The course will be organised in six sessions during three days with the following topics and schedule:

Day 1 - Tuesday 13th July

Session 1

  • Introduction to design optimisation
    The design processes. Types of structural optimisation problems. Formulation of the optimisation problem. Graphical optimisation. Optimality criteria design. Brief history of structural optimisation.

  • Graphical solution of optimisation problems
    Drawing the design region. Identification of the optimum design and the active constraints. Numerical optimisation tool.

Session 2

  • Linear programming
    Introduction. Formulation of linear programming problems. Standard form of a linear problem. The Simplex method. Dual problems in linear programming.

  • Hands-on workshop: Python for optimisation problems in engineering
    Python programming for engineering and science. Basic scientific libraries in Python: Numpy, Scipy and matplotlib. Data structures and performance.

  • Hands-on workshop: Solving linear programming problems with Python
    The Simplex method implementation in Python. Linear programming problems in engineering. Application examples with Python.

Day 2 - Wednesday 14th July

Session 1

  • Unconstrained methods of design optimisation
    Introduction. Conjugate directions method. Gradient-based methods. Newton’s method. Quasi-Newton methods.

  • Hands-on workshop: Solving unconstrained optimisation problems with Python
    Unconstrained optimisation problems in engineering. Implementation of unconstrained optimisation methods in Python. The Scipy.optimize library.

Session 2

  • Engineering applications of structural optimisation
    Civil and aeronautical engineering structures.

  • Hands-on workshop: Structural optimisation with Altair Optistruct (Part I)
    Definition of the design variables, constraints and objective function. Constraint screening concept. Convergence parameters. Execute the optimisation process. Applications to bar and shell structures.

Day 3 - Thursday 15th July

Session 1

  • Constrained optimisation methods for design optimisation
    Introduction. Sequential unconstrained methods: penalty functions. Method of feasible directions. Sequential quadratic programming.

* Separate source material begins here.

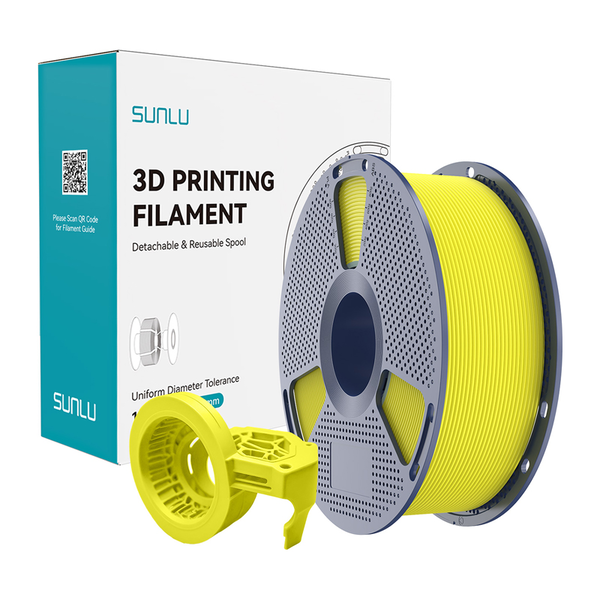 SUNLU PETG nagy sebességű matt filament sárga 1.75mm PETG H-S M Y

  • Hands-on workshop: Solving constrained optimisation problems with Python
    Constrained optimisation problems in engineering. Constrained optimisation methods in Python. Application examples.

Session 2

  • Hands-on workshop: Structural optimisation with Altair Optistruct (Part II)
    Postprocessing results. Create user constraints. Problems with constraints from different structural analyses (static, frequency, buckling, …). Multi-model optimisation.

Course Presenters

Dr Jacobo Díaz has been Associate Professor of Structural Mechanics at the University of A Coruña since 2004, where he teaches courses on finite element analysis, optimum design of structures and mechanics of plates and shells. His research interests are focused on structural and multidisciplinary design optimisation, design for crashworthiness and numerical modelling of structural adhesives and advanced composite materials. As a researcher, he is co-author of more than 50 publications and has worked in several research projects funded by the Spanish Government and EU. He maintains regular collaborations with industry and has been guest researcher at TU Delft (Aerospace Structures and Materials Department) where he worked in the analysis and design of composite materials with non-conventional architectures. Dr Díaz is Senior Member of the American Institute of Aeronautics and Astronautics (AIAA) and serves as a regular reviewer for scientific journals and conferences.

Dr Aitor Baldomir has been Associate Professor of Structural Mechanics at the University of A Coruña since 2008. He has collaborated with Airbus in structural analysis and optimisation of aeronautical structures in the A380, A350, A30x and A320neo programmes. The main contributions in these works were the application of size, shape and topology optimisation of structural components, like fuselage panels, the internal structure of S19, or secondary structures like the support of the APU. He has published 20 papers in international journals indexed in JCR in the field of civil and aerospace structures and more than 40 conference papers. He also collaborated in two European research projects: MAAXIMUS (Seventh Framework Programme) and STRATOFLY (Horizon 2020). Currently, his research lines are the optimization of structures considering partial collapses, and optimization of structures subject to random and epistemic uncertainty. He is AIAA member since 2011.